Predictive Hacks

A Basic Introduction to Boto3

boto3

In a previous post, we showed how to interact with S3 using AWS CLI. In this post, we will provide a brief introduction to boto3 and especially how we can interact with the S3.

Download and Configure Boto3

You can download the Boto3 packages with pip install:

$ python -m pip install boto3

or through Anaconda:

conda install -c anaconda boto3

Then, it is better to configure it as follows:

For the credentials which are under ~/.aws/credentials :

[default]
aws_access_key_id = YOUR_KEY
aws_secret_access_key = YOUR_SECRET

And for the region, you can with the file which is under ~/.aws/config :

[default]
region=us-east-1

Once you are ready you can create your client:

import boto3
s3 = boto3.client('s3')
 

Notice, that in many cases and in many examples you can see the boto3.resource instead of boto3.client. There are small differences and I will use the answer I found in StackOverflow

Client:

  • low-level AWS service access
  • generated from AWS service description
  • exposes botocore client to the developer
  • typically maps 1:1 with the AWS service API
  • all AWS service operations are supported by clients
  • snake-cased method names (e.g.
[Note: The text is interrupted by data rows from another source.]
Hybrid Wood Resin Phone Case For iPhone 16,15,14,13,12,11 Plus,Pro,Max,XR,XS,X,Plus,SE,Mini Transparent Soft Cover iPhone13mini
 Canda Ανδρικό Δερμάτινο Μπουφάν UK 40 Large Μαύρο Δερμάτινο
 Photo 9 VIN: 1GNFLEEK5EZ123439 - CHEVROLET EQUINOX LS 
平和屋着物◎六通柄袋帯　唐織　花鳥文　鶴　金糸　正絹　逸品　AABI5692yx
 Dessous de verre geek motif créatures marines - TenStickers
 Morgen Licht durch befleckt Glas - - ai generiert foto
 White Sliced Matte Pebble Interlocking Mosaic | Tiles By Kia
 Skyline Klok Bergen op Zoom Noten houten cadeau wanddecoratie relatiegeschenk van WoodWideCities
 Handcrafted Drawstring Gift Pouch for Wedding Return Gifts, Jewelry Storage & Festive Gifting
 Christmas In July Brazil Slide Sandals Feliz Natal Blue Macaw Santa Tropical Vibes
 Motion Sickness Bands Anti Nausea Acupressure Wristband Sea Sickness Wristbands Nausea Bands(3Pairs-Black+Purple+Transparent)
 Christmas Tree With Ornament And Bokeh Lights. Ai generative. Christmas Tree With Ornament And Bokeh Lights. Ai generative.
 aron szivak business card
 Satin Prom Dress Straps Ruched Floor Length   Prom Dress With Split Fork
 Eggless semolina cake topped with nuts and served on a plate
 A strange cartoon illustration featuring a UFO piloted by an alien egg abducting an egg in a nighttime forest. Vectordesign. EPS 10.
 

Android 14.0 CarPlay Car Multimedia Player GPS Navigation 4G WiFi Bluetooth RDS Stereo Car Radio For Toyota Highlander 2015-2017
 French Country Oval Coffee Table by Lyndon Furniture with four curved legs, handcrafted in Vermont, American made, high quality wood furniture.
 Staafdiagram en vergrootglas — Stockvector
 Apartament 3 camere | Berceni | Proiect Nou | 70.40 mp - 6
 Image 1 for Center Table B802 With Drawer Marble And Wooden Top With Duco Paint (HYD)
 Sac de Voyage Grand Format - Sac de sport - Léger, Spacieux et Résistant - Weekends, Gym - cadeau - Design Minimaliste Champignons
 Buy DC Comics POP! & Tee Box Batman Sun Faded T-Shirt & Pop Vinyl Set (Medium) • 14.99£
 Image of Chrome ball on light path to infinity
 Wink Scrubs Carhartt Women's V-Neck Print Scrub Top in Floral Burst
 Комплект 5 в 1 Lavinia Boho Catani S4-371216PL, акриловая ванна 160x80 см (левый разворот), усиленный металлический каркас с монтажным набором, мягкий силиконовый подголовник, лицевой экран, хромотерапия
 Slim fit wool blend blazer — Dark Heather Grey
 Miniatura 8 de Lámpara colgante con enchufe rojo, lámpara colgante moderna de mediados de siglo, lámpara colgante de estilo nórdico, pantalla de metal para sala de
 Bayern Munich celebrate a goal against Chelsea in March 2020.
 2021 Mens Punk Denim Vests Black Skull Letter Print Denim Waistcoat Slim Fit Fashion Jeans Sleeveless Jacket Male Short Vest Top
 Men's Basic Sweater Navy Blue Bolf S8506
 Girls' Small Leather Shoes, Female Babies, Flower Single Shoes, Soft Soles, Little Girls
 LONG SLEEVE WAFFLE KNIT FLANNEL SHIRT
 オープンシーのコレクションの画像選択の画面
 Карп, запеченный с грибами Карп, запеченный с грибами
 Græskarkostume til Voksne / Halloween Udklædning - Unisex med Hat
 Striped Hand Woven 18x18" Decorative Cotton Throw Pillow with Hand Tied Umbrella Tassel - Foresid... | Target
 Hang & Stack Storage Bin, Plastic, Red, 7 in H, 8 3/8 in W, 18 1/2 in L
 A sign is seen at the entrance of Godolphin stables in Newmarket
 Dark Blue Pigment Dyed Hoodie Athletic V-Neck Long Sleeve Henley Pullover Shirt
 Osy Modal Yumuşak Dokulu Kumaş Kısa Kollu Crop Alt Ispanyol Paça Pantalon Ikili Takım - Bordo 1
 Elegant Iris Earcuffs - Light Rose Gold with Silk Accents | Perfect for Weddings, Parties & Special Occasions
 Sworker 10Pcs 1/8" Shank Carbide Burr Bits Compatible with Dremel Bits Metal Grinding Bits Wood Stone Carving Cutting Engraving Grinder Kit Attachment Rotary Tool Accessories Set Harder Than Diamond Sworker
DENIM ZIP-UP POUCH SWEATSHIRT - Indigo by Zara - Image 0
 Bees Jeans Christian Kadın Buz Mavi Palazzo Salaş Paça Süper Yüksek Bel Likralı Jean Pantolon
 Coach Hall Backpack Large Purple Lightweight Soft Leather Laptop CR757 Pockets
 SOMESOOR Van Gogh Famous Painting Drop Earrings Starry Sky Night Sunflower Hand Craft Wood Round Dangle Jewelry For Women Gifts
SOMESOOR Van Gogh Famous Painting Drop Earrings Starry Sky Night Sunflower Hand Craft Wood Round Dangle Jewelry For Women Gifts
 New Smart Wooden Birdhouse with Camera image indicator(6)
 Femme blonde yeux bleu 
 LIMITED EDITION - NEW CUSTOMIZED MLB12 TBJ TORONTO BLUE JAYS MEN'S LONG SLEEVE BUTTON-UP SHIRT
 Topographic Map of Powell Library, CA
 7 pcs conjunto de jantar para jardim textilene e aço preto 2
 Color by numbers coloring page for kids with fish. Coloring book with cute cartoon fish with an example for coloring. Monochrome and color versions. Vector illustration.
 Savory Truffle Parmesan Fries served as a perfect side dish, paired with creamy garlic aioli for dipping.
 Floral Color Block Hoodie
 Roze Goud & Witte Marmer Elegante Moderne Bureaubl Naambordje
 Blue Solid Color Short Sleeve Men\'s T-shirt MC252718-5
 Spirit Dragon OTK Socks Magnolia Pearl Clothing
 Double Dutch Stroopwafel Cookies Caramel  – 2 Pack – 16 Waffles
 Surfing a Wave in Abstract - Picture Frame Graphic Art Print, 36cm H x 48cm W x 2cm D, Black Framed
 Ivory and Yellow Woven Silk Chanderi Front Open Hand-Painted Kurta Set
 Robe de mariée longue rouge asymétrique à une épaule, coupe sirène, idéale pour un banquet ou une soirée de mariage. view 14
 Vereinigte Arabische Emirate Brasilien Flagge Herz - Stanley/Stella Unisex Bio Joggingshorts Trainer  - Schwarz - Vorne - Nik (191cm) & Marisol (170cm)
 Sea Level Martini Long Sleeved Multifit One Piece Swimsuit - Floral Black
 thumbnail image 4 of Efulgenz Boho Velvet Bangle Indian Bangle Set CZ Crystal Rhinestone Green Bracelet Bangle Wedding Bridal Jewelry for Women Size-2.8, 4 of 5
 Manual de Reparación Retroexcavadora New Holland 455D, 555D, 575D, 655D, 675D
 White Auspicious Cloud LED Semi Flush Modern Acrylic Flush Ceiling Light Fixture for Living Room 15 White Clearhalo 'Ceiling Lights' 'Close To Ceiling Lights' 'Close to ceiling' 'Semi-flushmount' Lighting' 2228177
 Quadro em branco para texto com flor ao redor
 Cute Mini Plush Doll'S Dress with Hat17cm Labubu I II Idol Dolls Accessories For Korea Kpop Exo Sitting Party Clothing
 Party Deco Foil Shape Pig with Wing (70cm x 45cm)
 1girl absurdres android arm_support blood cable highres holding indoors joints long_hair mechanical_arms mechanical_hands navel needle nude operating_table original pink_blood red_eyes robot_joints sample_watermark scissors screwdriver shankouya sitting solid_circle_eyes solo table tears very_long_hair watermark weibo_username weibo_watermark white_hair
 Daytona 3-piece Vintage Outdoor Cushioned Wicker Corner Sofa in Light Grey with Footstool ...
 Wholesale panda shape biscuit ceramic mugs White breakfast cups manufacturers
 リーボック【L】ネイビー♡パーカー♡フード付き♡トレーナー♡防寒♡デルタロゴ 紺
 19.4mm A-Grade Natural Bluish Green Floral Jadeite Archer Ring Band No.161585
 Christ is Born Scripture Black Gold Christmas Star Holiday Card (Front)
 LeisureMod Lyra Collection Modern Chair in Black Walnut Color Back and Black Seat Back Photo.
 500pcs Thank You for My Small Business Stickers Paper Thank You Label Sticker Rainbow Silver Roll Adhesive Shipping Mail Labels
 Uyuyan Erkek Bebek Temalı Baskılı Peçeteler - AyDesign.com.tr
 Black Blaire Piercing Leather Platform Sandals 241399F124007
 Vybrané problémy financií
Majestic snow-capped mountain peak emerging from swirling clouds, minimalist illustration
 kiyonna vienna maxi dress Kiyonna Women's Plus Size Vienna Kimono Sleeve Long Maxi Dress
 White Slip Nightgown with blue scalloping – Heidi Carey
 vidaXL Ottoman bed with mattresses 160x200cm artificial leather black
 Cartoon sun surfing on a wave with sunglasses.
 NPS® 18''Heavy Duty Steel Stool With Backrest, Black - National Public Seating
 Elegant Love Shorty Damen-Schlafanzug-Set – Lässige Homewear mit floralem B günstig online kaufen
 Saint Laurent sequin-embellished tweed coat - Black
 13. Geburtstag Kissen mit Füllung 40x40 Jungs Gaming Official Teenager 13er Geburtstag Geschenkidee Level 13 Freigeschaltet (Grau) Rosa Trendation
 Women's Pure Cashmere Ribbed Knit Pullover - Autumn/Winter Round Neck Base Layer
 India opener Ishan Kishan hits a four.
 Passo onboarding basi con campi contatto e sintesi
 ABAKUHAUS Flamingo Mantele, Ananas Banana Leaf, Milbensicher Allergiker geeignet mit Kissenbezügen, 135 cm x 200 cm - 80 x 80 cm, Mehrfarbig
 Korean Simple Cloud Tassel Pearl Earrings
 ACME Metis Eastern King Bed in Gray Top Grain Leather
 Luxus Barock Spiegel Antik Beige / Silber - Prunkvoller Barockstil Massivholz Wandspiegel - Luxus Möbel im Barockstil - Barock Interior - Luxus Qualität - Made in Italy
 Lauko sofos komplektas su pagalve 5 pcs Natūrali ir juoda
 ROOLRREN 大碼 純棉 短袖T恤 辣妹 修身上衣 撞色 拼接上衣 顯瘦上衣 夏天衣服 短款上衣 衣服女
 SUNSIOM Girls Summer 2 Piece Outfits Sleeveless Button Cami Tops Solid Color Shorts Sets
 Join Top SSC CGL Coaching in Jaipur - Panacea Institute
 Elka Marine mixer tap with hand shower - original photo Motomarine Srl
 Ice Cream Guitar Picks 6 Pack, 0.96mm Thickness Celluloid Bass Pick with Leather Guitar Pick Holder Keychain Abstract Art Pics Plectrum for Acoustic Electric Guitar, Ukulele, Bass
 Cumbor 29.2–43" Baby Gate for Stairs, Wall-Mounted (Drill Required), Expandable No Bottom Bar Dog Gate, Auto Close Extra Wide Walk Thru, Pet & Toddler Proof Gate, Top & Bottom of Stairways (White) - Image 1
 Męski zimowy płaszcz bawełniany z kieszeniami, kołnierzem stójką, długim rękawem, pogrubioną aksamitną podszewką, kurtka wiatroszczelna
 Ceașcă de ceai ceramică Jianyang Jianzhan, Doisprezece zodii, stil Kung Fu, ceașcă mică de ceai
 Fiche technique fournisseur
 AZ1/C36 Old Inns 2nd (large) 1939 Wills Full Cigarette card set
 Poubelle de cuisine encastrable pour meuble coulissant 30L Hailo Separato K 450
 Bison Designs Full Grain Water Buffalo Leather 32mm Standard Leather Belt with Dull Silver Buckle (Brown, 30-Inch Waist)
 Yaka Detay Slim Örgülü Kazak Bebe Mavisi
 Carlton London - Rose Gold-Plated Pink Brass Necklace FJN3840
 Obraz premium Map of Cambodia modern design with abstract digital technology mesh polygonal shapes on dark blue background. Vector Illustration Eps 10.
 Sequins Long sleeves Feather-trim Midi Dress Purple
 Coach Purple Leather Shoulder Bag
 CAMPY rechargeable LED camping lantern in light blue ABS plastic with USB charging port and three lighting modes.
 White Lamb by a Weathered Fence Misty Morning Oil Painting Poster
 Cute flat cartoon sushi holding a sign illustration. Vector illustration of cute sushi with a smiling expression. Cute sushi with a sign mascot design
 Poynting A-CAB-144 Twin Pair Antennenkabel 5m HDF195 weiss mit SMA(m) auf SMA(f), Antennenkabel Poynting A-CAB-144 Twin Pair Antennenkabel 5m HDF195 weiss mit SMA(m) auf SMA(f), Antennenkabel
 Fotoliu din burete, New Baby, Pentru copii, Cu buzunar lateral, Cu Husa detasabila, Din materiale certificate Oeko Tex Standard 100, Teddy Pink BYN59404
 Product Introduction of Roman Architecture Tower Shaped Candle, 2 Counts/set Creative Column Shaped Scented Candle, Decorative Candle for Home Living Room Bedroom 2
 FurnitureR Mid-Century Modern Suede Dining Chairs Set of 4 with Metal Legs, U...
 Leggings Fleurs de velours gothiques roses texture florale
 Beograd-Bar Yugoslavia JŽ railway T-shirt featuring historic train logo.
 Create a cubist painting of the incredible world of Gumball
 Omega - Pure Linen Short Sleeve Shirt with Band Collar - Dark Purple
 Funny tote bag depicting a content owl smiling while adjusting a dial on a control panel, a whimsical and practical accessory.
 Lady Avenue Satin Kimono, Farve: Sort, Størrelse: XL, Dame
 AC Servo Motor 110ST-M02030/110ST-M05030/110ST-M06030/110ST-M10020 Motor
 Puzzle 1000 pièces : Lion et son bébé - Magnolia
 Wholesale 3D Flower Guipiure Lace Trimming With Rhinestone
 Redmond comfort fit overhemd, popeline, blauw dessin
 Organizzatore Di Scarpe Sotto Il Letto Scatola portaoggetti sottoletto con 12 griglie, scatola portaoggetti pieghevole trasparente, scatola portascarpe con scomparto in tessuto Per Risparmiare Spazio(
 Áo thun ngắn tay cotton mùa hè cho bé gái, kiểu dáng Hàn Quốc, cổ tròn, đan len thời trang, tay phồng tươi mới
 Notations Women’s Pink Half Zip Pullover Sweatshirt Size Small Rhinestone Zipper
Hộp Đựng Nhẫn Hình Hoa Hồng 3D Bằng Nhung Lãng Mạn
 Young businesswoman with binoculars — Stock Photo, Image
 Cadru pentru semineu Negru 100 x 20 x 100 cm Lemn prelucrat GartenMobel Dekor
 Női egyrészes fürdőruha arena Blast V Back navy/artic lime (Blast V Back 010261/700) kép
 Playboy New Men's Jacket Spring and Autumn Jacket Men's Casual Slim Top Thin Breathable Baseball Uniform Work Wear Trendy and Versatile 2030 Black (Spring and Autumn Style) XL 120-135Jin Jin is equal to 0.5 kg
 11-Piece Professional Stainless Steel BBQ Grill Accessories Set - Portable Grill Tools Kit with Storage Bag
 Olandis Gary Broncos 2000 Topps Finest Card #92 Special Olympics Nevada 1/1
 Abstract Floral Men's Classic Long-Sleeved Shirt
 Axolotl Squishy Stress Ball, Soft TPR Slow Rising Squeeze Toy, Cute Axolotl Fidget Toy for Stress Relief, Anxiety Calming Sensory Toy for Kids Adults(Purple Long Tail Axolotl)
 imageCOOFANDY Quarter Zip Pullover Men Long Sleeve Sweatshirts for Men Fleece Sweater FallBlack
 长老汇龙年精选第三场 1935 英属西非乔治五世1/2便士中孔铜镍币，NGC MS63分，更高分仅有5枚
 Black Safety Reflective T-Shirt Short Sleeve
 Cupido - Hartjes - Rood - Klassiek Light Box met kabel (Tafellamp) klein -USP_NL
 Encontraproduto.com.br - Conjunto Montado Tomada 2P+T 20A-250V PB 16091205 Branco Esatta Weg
ListBuckets API => list_buckets method)

Resource:

  • higher-level, object-oriented API
  • generated from resource description
  • uses identifiers and attributes
  • has actions (operations on resources)
  • exposes subresources and collections of AWS resources
  • does not provide 100% API coverage of AWS services

How to List your Buckets

Assume that you have already created some S3 buckets, you can list them as follow:

list_buckets = s3.list_buckets()

for bucket in list_buckets['Buckets']:
    print(bucket['Name'])
 
gpipis-cats-and-dogs
gpipis-test-bucket
my-petsdata

How to Create a New Bucket

Let’s say that we want to create a new bucket in S3. Let’s call it 20201920-boto3-tutorial.

s3.create_bucket(Bucket='20201920-boto3-tutorial')
 

Let’s see if the bucket is actually on S3

for bucket in s3.list_buckets()['Buckets']:
    print(bucket['Name'])
 
20201920-boto3-tutorial
gpipis-cats-and-dogs
gpipis-test-bucket
my-petsdata

As we can see, the 20201920-boto3-tutorial bucket added.

How to Delete an Empty Bucket

We can simply delete an empty bucket:

s3.delete_bucket(Bucket='my_bucket')

If you want to delete multiple empty buckets, you can write the following loop:

list_of_buckets_i_want_to_delete = ['my_bucket01', 'my_bucket02', 'my_bucket03']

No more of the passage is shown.